▼

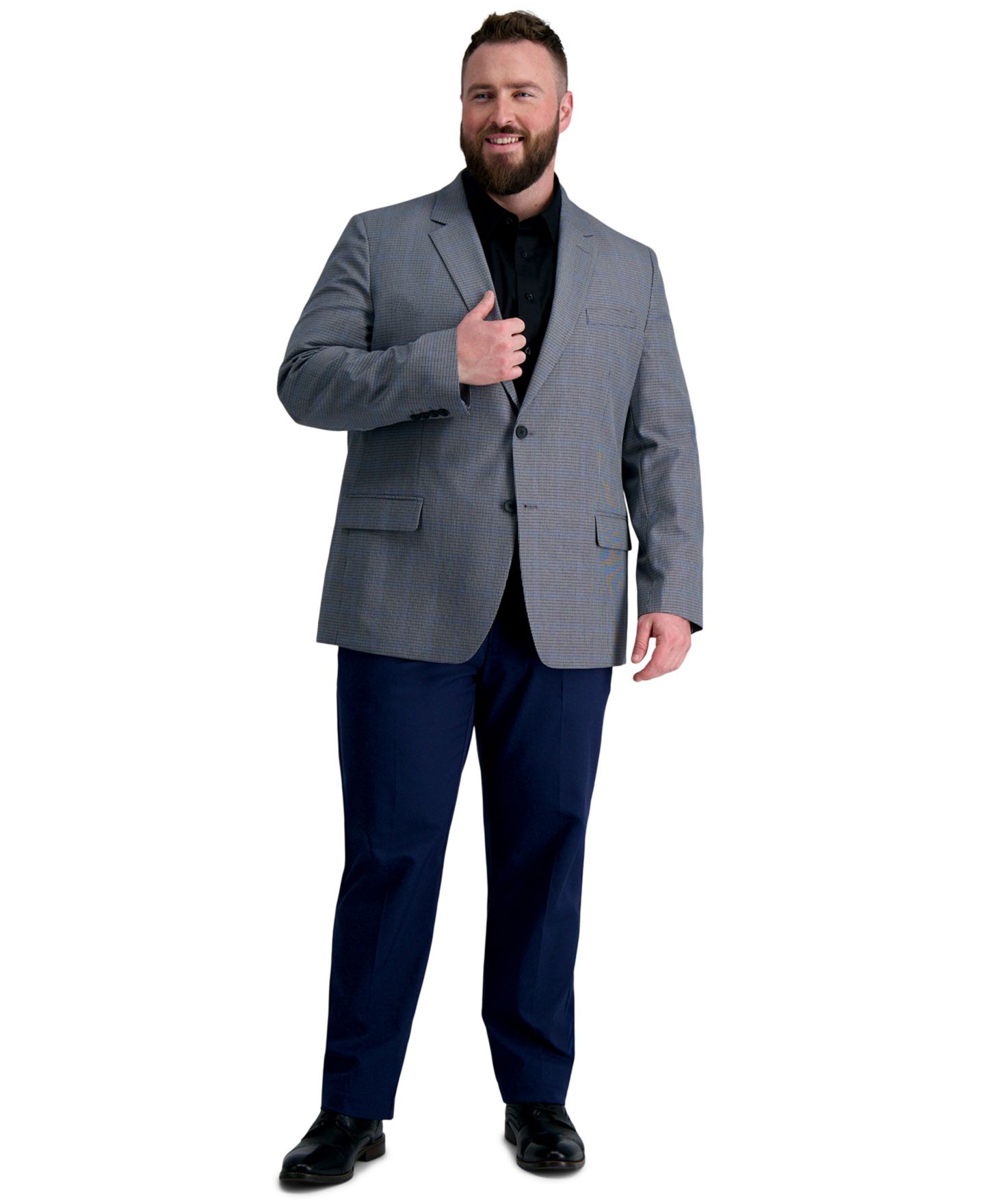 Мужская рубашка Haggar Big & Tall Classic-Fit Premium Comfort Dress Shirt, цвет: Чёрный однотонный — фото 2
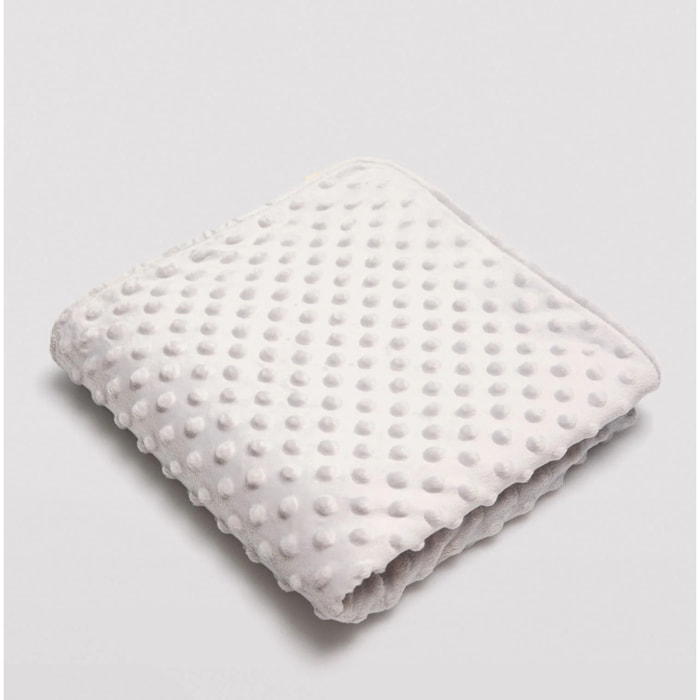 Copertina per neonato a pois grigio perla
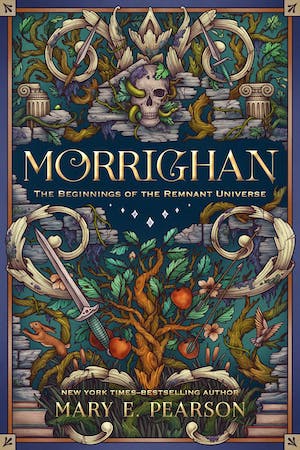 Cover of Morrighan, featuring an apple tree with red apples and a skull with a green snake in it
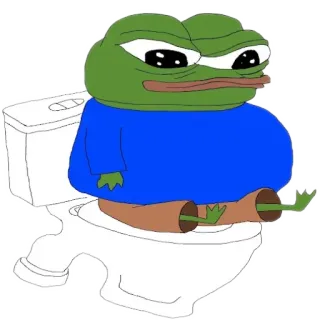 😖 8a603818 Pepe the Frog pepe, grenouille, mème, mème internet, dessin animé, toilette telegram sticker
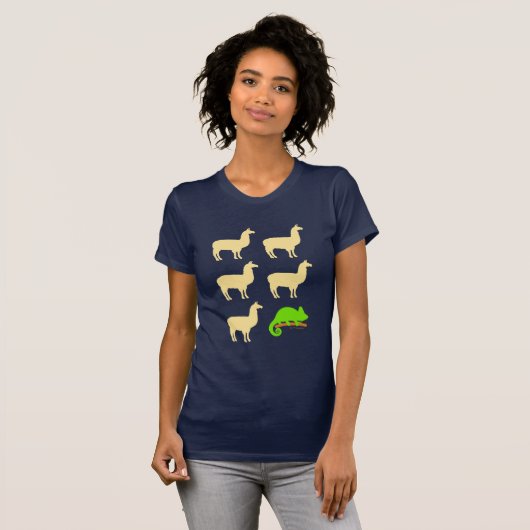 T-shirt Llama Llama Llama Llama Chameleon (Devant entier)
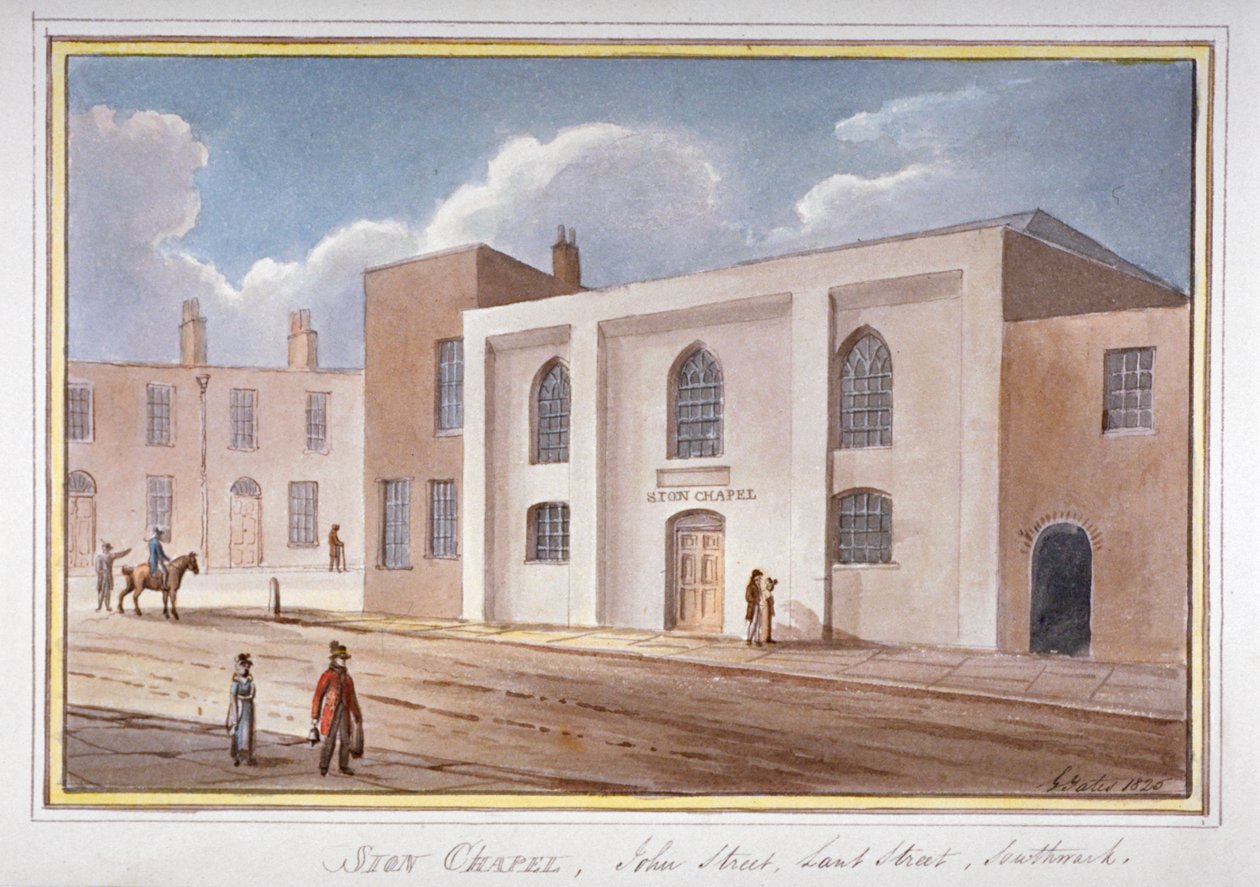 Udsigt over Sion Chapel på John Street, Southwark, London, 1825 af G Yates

▲

[WORK TASK]
If a picture appears in the data, omit it; transcribe all the rest exactly.

[YOUR SOLUTION]
 Мужская рубашка Haggar Big & Tall Classic-Fit Premium Comfort Dress Shirt, цвет: Чёрный однотонный — фото 2
 Copertina per neonato a pois grigio perla
 Cover of Morrighan, featuring an apple tree with red apples and a skull with a green snake in it
 😖 8a603818 Pepe the Frog pepe, grenouille, mème, mème internet, dessin animé, toilette telegram sticker
 T-shirt Llama Llama Llama Llama Chameleon (Devant entier)
 Udsigt over Sion Chapel på John Street, Southwark, London, 1825 af G Yates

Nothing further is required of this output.